Brian
A collegue that I worked with for the past four years committed suicide on Sunday. My manager asked me to say something at his memorial and to relate an episode, an anecdote, a story. Where does one start though? It is like those competitions where you have to describe something intricate like love or hate in ten words or less.
Brian was different, a shy soft spoken guy who were always
willing to travel, always willing to assist, always smiling. The one photo on
our notice board shows him at the Potjiekos competition, smiling and being
happy. I will forever have that picture in my head.
Susan Cain wrote in her book “Quiet” that:
“Introversion—along
with its cousins sensitivity, seriousness, and shyness—is now a second-class
personality trait, somewhere between a disappointment and a pathology.
Introverts living under the Extrovert Ideal are like women in a man’s world,
discounted because of a trait that goes to the core of who they are.

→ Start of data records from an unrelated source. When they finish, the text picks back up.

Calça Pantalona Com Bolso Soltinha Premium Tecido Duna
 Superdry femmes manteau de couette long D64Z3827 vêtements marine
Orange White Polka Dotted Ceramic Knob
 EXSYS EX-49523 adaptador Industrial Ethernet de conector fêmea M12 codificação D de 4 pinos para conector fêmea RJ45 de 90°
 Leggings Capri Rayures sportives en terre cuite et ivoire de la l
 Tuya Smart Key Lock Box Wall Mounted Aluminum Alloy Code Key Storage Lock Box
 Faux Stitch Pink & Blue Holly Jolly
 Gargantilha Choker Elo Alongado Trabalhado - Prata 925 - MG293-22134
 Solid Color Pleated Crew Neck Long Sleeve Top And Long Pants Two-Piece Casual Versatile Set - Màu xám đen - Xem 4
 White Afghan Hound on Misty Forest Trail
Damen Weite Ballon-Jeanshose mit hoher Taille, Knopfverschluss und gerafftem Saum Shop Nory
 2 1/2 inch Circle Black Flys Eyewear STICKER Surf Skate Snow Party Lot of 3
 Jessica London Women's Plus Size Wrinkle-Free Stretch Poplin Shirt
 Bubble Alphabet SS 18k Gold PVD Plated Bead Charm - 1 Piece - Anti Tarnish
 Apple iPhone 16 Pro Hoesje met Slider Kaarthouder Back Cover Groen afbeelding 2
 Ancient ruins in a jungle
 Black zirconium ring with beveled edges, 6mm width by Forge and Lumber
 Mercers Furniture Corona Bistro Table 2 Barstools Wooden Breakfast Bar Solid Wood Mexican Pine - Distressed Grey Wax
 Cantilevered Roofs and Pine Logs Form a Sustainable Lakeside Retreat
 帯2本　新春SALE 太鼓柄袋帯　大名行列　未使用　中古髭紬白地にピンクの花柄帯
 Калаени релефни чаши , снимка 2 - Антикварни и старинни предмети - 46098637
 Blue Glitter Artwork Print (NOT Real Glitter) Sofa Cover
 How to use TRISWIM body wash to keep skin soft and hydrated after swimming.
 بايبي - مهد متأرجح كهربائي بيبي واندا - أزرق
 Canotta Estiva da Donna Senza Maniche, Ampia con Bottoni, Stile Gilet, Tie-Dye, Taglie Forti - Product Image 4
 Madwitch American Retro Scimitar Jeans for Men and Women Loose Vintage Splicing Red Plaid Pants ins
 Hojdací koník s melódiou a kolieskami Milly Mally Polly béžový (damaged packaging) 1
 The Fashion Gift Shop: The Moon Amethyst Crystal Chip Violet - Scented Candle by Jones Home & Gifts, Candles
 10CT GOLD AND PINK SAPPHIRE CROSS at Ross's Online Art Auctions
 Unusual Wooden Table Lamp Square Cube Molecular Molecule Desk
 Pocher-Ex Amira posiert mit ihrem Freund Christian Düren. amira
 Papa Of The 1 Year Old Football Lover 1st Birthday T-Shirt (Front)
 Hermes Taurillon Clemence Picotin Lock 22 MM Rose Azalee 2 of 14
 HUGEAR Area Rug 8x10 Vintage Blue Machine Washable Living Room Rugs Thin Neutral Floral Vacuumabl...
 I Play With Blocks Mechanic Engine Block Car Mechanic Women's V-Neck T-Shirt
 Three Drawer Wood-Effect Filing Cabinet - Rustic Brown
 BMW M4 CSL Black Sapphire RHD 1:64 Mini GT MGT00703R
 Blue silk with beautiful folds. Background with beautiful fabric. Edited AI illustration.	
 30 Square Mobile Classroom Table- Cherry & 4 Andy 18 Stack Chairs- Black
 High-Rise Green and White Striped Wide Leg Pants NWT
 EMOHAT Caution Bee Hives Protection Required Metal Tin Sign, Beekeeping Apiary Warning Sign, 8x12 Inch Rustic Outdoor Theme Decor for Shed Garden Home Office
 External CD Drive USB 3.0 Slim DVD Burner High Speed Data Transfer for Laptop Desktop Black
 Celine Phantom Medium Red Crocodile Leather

Extroversion is an enormously appealing personality style, but we’ve turned it
into an oppressive standard to which most of us feel we must conform.”
We wear our loudness as a badge of honour, our
cynicism as a weapon, our outspokenness as a charm. It is understandable. Most
of us have seen things in our lives that will haunt us forever. But in this
culture of brash extrovert survival, we sometimes neglect to make a little
space and time for those who are not like the rest: The quiet observers, the
shy analysts.
People are quick to classify themselves as drivers. Those
who get things do regardless of circumstances, regardless of the cost to people’s
emotions and feelings. That is being said explicitly, but the inference is there. "I do not take no for an answer" "It is my way or the highway" "I am
driver" "I will succeed".
And in all this Brian still stood out as an excellent
investigator, someone who used his traits to obtain valuable information and to
gain the trust of witnesses. He never destroyed a phone in anger, he never
swore, he never became angry. He was empathetic and sympathetic. A rare soul in
this world that we created, our fortress of noise which we build to hide away
our emotions and true personalities, scared that our inner vulnerabilities and
insecurities will be exposed and maligned.
And yet Brian always remained himself, steadfast in a
barrage and deluge of noise.
I have been in a similar position as Brian. With just one little
movement, one single breath separating one from this life and whatever it is
people believe in. It is a dark, terrifying and very lonely place where
phantoms and ghouls of one’s own creation dictate the way forward.
We will never know why he did what he did. Some will say
that what he did was the coward’s way out. But in the end he was a very brave
soul. He held out, he tried to keep going, he tried to live for such a long
time, despite the excruciating almost debilitating pain which took over his
whole being.
Almost with something akin to false Victorian bashfulness we
skirt around terms like mental illness and depression. It is something that is
a shame, a sign of weakness at best, a wallowing in selfish despair at worst.
Both ends of the spectrum presuppose that a depressed individual has control
over his or her moods and choices. But what people do not realise is that when
you are in its clutches, you cannot choose. You cannot act. You cannot think.
In her book Night Falls Fast Dr Kay Redfield Jamison
described this as follows:
“When people are
suicidal, their thinking is paralyzed, their options appear spare or non-existent,
their mood is despairing, and hopelessness permeates their entire mental
domain. The future cannot be separated from the present, and the present is
painful beyond solace. ‘This is my last experiment,’ wrote a young chemist in
his suicide note. ‘If there is any eternal torment worse than mine I’ll have to
be shown.”
So Brian was probably in excruciating emotional pain. And
that pain cannot be eased by codeine or morphine or aspirin. How do you
describe your emotional pain in terms that people can understand? You cannot
point at a broken limb, a gushing wound or a badly discoloured bruise.
So please do not blame him or be angry with him. Let us
rather be honest about this illness that claims more lives every year than the
war in Afghanistan. Let us accept that we do not have the answers. As Dr
Jamison said:
“Each way to suicide
is its own: intensely private, unknowable, and terrible. Suicide will have
seemed to its perpetrator the last and best of bad possibilities, and any
attempt by the living to chart this final terrain of a life can be only a
sketch, maddeningly incomplete.”
Let us not define Brian’s life in terms of the way he died.
Let us remember him as the sensitive, quiet soul with the beautiful smile,
cigarette in hand, laughing in a knowing way at our complaints, curses and
shouts.
And let us use this as a vehicle to understanding. Understanding
that depression can strike anyone, that it is an illness. And that if it strike,
it is not a shame but rather an illness that can and should be treated by
professionals.
And above all, let us celebrate life.